All third parties to whom we transfer your data are required to respect the security of your personal data, and to handle it in accordance with the law.
We do not sell or rent your personally identifiable information to any third party. We use practices that are consistent with standards in our industry to protect your privacy. We cannot promise that your personally identifiable information or private communications will remain private. For example, third parties may unlawfully intercept or access transmissions or private communications on our website.
Security of personal data
We have measures in place to prevent your personal data from being accidentally accessed, used, lost, altered or disclosed without authorisation. We also allow access to your personal data only to those employees and partners who have a business reason to access such data.
These measures are reviewed to ensure their continuing appropriateness to keep your data secure.
Retaining your personal data
We will only retain your personal data for as long as necessary to fulfil the purposes we collected it for, including for the purposes of satisfying any legal, accounting, or reporting requirements.
In some circumstances we may anonymise your personal data for research or statistical purposes, in which case we may use this information indefinitely without further notice to you.

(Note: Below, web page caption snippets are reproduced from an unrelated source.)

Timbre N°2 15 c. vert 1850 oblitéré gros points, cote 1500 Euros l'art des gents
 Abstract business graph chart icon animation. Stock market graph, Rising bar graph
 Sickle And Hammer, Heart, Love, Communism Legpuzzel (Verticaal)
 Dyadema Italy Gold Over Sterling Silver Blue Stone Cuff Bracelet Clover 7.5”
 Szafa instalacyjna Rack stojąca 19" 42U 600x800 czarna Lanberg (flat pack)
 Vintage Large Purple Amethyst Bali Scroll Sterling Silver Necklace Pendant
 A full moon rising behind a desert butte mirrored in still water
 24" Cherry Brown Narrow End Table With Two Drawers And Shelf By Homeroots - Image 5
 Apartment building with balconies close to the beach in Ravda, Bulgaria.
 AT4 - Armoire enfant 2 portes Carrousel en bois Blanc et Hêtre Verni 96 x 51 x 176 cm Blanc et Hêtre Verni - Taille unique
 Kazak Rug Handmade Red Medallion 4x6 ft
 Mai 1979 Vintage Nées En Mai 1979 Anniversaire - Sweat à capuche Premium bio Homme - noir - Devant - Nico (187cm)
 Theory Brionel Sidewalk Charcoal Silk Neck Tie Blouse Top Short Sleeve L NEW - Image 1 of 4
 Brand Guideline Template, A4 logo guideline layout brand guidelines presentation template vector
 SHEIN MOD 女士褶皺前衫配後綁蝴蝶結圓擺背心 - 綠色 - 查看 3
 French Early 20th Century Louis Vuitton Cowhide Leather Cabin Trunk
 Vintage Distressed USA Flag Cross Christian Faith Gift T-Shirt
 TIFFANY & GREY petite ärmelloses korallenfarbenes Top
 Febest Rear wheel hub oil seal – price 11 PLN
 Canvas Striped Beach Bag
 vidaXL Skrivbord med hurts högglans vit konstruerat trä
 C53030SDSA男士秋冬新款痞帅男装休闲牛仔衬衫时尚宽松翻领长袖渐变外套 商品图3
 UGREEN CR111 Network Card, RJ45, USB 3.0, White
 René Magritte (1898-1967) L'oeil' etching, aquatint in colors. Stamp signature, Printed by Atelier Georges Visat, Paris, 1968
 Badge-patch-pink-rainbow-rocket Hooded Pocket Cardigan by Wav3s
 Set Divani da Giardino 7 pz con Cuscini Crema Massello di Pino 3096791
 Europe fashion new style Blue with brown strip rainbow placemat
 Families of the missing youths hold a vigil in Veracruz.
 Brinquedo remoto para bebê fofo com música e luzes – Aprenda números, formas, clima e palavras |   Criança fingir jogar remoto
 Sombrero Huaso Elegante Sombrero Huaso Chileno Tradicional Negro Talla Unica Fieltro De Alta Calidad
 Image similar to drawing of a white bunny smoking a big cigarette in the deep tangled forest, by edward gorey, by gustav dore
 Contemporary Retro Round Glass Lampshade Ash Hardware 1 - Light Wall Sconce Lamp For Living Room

Under data protection laws, you have rights as an individual in relation to the personal data that we hold about you. Specifically:
- You have the right to know what personal information we maintain about you
- If your personal data is incorrect/incomplete, you have the right to ask us to update it
- The right to withdraw your consent (for example, to unsubscribe)
- The right to access personal data that we process about you
- The right to request the deletion of your personal data
You can see more about these rights at:
If you wish to exercise any of the rights set out above, please email us at email@example.com
You will not have to pay a fee to access your personal data (or to exercise any of the other rights). However, we may charge a reasonable fee if your request is clearly unfounded, repetitive or excessive, or we may refuse to comply with your request in these circumstances.
If you are not happy with any aspect of how we collect and use your data, you have the right to file a complaint. We should be grateful if you would contact us first so that we can try to resolve it.
What we may need from you
We may need to request specific information from you to help us confirm your identity and ensure your right to access your personal data (or to exercise any of your other rights). This is a security measure to ensure that personal data is not disclosed to any person who has no right to receive it. We may also contact you to ask you for further information in relation to your request to speed up our response.
Time limit to respond
We try to respond to all legitimate requests within one month. Occasionally it may take us longer than a month if your request is particularly complex, or you have made a number of requests. In this case, we will notify you and keep you updated.